Nothing except the pictures should be left out when you reproduce the listing exactly.

• INFORMATION PROVIDED
╔══

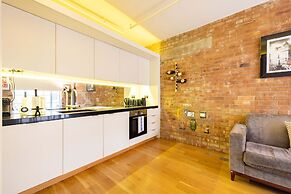 Central Soho Loft With A C Concierge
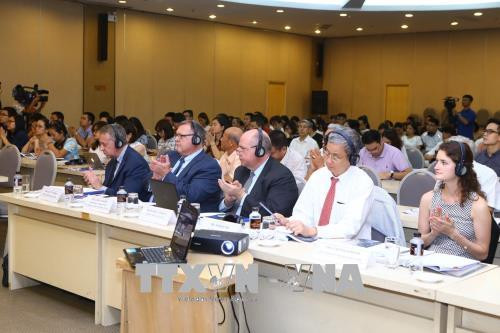 越南企业关心了解美国贸易政策新趋向 ảnh 2 越南企业关心了解美国贸易政策新趋向 ảnh 2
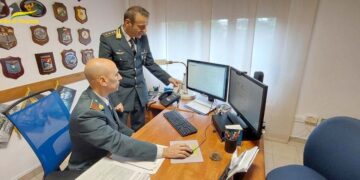 Abita in una villa di 26 stanze, ma percepisce il reddito di cittadinanza: denunciato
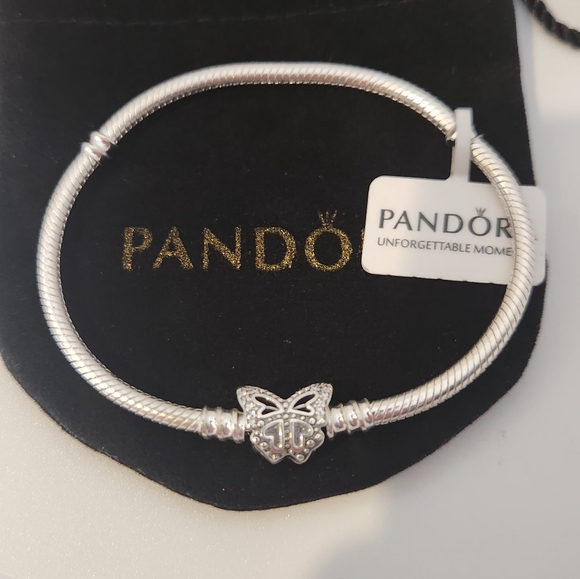 New Pandora Moments Sparkling Butterfly Snake Chain Charm Bracelet Size 7.5 in - Picture 4 of 4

╚══

• EXERCISE RESPONSE
 Central Soho Loft With A C Concierge
 越南企业关心了解美国贸易政策新趋向 ảnh 2 越南企业关心了解美国贸易政策新趋向 ảnh 2
 Abita in una villa di 26 stanze, ma percepisce il reddito di cittadinanza: denunciato
 New Pandora Moments Sparkling Butterfly Snake Chain Charm Bracelet Size 7.5 in - Picture 4 of 4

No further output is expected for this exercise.